Given material
--- START ---
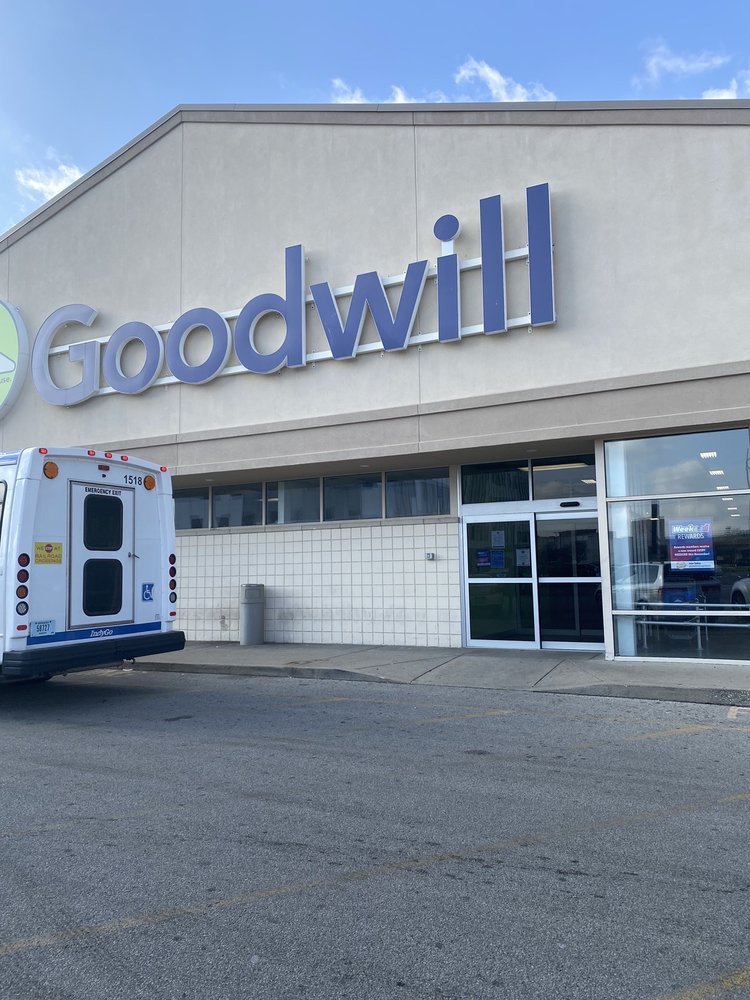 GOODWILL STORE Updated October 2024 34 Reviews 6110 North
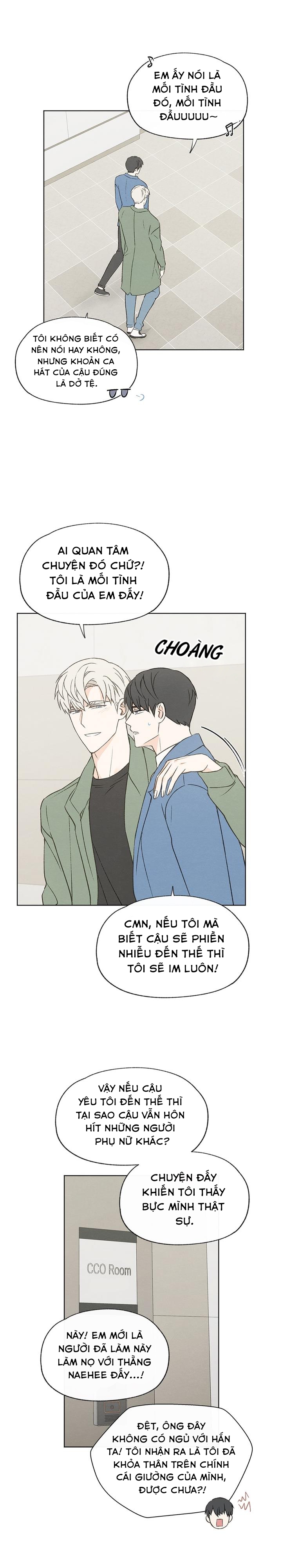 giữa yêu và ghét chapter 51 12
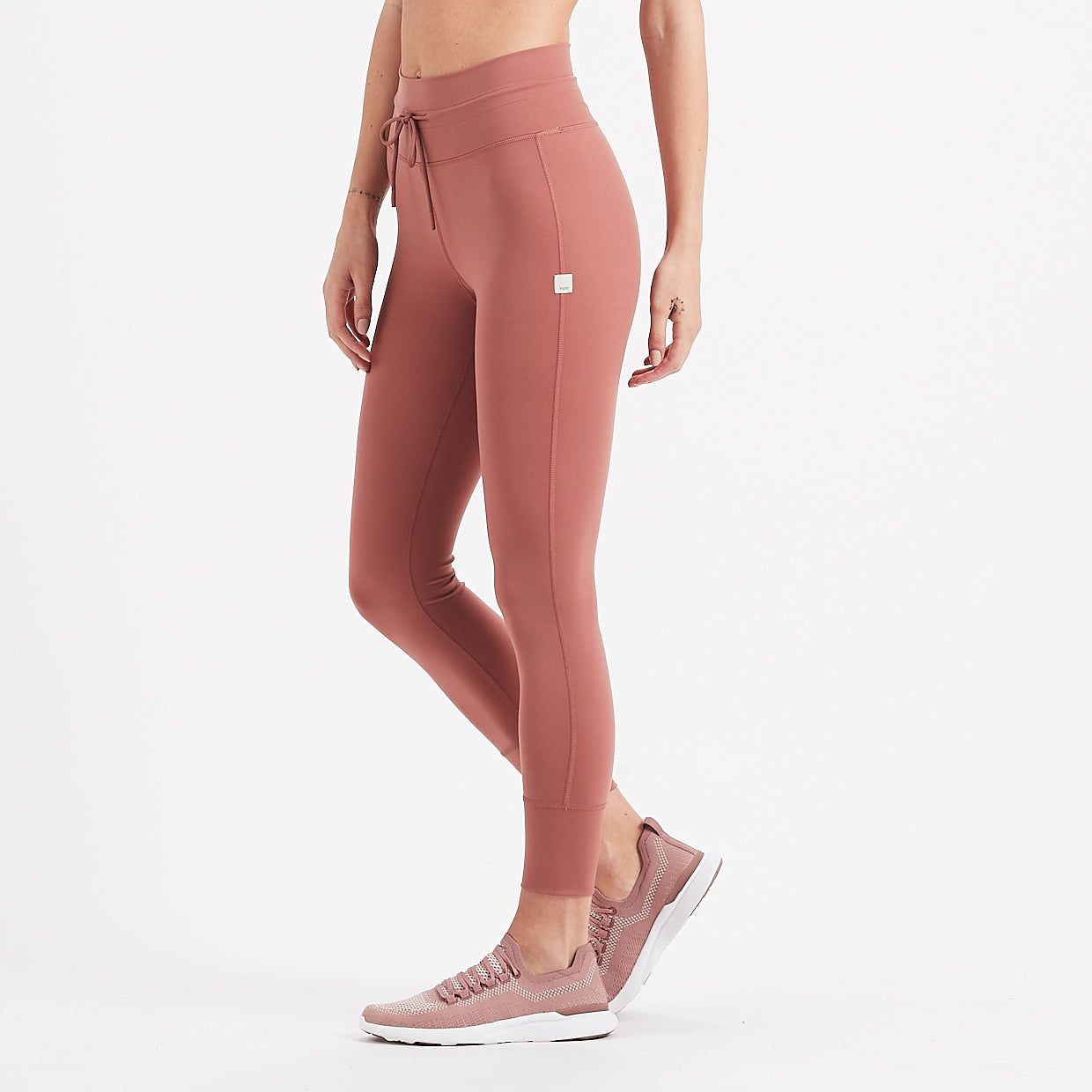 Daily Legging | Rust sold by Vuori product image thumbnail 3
--- END ---
What you will do
The answer is the full listing above, repeated exactly, with its pictures removed.

Output for this task
 GOODWILL STORE Updated October 2024 34 Reviews 6110 North
 giữa yêu và ghét chapter 51 12
 Daily Legging | Rust sold by Vuori product image thumbnail 3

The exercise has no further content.